16、玲治2
「そっくりだっただろう?」
「っ!!」
凪砂への配膳を終え、自室に戻った玲治を出迎えたのは、いつになく上機嫌に鼻歌を口ずさむ芦原遊子だった。
起伏に乏しかった玲治の顔に、明らかな恐怖の色が浮かぶ。
ドアを締め切ることに抵抗を覚え、鈍色の取っ手から手を放すことが出来ない。
遊子がにやりと笑い、玲治の背中全体がぞくっと粟立った瞬間――――――――――宙ぶらりんになっていた右手をかなりの握力で握り込まれた。
「い・・・たい、」
「お前が私の質問にさっさと応えないからだろう。・・・仕置きだ」
「嫌だ・・・・・!」
喘ぐように言って、身を引こうとする玲治。
だが、遊子は許さない、放さない。
玲治の右手を思い切り自分のほうへ引っ張り、玲治の俯けた顔をしたからずいっと覗き込む。
怯えた玲治は、遊子と眼を合わせなどしない。
それが、更に遊子の嗜虐心を煽ってしまうと身を持って知っていても。
脳が、遊子と眼を合わせることを拒絶する。
「!!」
遊子が、空いている右手で玲治の細い顎を掴む。
そちらにもグッと力を込め、痛みに呻く玲治の顔を愉快そうに“観察”する。
「痛いのが嫌なら、私の質問にちゃんと応えるんだね。いくら馬鹿なお前でも、そのくらい出来るだろう?」
玲治が、苦しげに息を乱しながら、微かに頷く。
「凪砂、似ていただろう」
今度は、視線だけで遊子の問いを肯定する。
「あの子がいれば、奈緒はこの屋敷に戻ってくると思うだろう?」
「・・・!?」
遊子は、奈緒が必要なのだろうか、と玲治は眼を白黒させながら彼女を凝視する。
「おや、不思議そうな顔をしているね」
遊子が玲治の顎を解放する。
「っ、」
足から力が抜け、玲治は顔を歪めながらその場に膝を着いた。
「奈緒さんを、どうする気・・・?」
「どうしてそんなことを訊く?家族一緒に暮らしたいと思う、何か可笑しいことか?」
「・・・少なくとも、奈緒さんは遊子のことを家族だなんて思っていないと思う」
逆鱗に触れるかと思ったが、遊子は至って涼しげな顔だ。
「まあ、そうだろうね」
「それに、いくら陽さんにそっくりなあの子がこの屋敷に在住したとしても、奈緒さんはここには戻って来ないと思うよ」
恐怖のために震えそうになる口をなけなしの気力を使って動かし、玲治は皮肉を口走る。
「そうかしらね」
遊子はやけに余裕たっぷりの口調で、玲治の言葉を遠まわしに否定して来た。
「――――――何か、する気・・?」
「さあ」
「さ、さあって・・・!」
「とにかくね、玲治」
遊子が、ぐっと腰を折って膝を着いたままの玲治の耳元で囁く。
「凪砂のこと、頼んだよ。
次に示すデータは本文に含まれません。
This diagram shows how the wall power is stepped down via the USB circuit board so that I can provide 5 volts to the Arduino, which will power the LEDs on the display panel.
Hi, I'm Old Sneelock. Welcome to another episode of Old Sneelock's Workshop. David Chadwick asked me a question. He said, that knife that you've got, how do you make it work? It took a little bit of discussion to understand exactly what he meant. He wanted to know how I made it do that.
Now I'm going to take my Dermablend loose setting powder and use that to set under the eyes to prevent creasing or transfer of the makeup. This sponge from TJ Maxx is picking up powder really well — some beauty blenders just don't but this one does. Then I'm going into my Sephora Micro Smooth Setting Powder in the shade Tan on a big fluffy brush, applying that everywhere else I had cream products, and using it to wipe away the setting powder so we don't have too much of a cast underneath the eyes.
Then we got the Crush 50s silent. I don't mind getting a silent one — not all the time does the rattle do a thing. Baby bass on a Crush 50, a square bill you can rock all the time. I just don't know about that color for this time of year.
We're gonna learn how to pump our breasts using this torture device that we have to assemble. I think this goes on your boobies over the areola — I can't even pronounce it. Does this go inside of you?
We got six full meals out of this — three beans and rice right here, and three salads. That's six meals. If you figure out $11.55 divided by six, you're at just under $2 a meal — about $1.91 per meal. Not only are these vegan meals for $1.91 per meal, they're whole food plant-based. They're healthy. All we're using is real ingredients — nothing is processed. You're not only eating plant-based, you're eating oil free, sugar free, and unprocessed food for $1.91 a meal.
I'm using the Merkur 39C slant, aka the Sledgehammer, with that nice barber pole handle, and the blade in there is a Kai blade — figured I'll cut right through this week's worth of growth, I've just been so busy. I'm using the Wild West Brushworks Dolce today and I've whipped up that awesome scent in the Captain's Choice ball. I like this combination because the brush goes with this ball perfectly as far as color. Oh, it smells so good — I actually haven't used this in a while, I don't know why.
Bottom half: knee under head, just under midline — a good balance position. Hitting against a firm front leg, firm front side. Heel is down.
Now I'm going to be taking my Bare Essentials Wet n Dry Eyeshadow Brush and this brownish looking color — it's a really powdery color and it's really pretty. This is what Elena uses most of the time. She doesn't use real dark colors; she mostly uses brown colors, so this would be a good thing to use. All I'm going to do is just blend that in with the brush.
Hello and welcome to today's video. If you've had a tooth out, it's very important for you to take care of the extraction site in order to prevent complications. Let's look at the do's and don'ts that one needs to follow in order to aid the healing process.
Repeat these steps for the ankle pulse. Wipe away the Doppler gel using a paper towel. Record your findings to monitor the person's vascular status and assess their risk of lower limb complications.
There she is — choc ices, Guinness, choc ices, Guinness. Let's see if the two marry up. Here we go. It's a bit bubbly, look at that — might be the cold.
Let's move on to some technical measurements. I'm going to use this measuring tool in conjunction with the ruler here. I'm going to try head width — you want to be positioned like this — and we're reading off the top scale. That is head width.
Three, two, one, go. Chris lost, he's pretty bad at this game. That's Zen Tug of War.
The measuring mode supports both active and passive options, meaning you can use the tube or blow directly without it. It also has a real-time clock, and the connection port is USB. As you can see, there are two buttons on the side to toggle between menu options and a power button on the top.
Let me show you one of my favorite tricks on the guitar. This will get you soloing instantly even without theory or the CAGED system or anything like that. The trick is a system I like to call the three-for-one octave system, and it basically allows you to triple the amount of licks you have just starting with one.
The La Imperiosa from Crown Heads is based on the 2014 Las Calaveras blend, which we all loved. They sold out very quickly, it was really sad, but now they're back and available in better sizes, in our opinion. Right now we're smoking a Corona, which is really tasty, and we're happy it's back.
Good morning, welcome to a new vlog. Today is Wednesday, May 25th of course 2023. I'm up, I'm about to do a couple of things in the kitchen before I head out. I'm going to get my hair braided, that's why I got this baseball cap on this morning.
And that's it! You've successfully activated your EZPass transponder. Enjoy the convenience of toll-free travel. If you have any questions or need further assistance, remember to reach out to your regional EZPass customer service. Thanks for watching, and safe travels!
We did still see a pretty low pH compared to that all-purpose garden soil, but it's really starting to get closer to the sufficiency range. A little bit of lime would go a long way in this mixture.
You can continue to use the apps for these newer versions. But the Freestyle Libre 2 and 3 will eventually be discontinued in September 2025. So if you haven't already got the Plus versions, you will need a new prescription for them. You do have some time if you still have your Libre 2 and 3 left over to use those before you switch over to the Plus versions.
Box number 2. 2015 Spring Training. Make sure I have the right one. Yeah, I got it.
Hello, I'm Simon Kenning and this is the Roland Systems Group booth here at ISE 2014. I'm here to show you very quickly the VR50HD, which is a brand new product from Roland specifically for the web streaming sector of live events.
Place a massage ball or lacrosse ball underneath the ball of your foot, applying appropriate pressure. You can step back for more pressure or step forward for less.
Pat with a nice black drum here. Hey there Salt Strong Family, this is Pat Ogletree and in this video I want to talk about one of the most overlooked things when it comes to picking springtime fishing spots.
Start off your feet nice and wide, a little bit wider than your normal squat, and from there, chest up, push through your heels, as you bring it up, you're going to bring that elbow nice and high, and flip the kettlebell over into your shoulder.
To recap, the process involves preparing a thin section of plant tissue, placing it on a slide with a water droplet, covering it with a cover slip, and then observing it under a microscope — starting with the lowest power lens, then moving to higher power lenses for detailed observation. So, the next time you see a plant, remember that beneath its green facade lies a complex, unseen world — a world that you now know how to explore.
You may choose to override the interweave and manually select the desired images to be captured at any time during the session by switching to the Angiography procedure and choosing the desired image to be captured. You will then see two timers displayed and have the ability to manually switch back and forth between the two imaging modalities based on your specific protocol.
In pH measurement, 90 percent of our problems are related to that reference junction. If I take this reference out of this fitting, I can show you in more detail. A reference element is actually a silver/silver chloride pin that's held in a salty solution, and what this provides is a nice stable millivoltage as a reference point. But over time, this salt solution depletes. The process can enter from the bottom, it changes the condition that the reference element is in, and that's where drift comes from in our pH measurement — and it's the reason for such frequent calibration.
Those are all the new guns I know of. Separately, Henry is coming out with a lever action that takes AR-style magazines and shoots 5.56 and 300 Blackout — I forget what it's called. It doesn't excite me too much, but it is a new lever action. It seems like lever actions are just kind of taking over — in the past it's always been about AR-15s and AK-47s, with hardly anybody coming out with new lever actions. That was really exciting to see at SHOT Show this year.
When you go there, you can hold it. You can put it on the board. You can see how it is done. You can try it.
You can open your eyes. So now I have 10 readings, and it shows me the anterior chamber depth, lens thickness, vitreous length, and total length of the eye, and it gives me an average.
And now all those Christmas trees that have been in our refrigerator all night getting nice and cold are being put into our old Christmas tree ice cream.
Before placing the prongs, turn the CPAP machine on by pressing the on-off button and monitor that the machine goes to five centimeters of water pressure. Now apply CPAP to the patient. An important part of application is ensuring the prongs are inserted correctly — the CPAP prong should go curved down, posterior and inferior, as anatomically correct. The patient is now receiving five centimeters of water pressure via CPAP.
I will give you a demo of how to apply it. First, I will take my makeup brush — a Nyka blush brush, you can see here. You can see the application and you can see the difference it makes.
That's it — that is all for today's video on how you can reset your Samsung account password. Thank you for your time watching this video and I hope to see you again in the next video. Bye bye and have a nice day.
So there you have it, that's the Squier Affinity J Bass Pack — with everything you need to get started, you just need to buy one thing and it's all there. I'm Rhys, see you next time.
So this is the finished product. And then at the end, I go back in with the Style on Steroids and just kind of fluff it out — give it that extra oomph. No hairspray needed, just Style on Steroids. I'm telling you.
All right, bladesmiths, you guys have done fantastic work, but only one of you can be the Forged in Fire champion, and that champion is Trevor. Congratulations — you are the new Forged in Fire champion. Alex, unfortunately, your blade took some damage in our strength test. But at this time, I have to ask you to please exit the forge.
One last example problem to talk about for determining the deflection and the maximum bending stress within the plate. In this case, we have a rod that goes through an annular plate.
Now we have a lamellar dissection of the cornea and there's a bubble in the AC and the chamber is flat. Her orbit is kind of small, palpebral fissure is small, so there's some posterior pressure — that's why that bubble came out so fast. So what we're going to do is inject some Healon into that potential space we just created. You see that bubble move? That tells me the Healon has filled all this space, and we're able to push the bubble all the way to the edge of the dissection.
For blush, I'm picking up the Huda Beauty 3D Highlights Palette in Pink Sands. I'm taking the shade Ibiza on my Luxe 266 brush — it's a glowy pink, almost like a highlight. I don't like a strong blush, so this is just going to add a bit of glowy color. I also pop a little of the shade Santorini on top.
・・・・・・仲良くしてやって」
「――――――――――――――――――――」
何の反応も出来ない玲治に向けて嘲笑を残し、遊子が部屋を出て行く。
ドアが完全に閉まり切り、玲治は慌ててドアの鍵を掛けた―――最も、遊子は屋敷全ての部屋の合鍵を持っているから、ほとんど意味はないのだけれど。
それでも、“気休め”にはなるから・・・。
「―――っ、はぁっ」
ベッドでうつ伏せになり、ようやく玲治は人心地着いた気がした。
ドクドクと、心臓が深い音を刻んでいる。
「――――兄さん、」
兄に、会いたい。
例え抱き締めてもらえなくても、名前を呼んでもらえなくても、生きている兄の姿を見られたらそれだけで良いのに。
今はそれも、叶わない。
そして、
「―――梓、」
同級生で恋仲の、祠堂梓。
玲治が数ヶ月前にこの屋敷に幽閉されてから、一切会えていない。
電話どころかメールさえも出来ない。
携帯やノートパソコンの類は、全て遊子に奪われてしまったし、屋敷備え付けの電話は通話内容を録音されてしまうのだ。
(梓、会いたいよ・・・)
けれど、自分は一度彼女を殺そうとした。
あの白く細い首に、この両手を回して――――。
「―――――っ」
あの時の生々しい感触を思い出して、玲治はうつ伏せたままでその両眼をギュッと瞑った。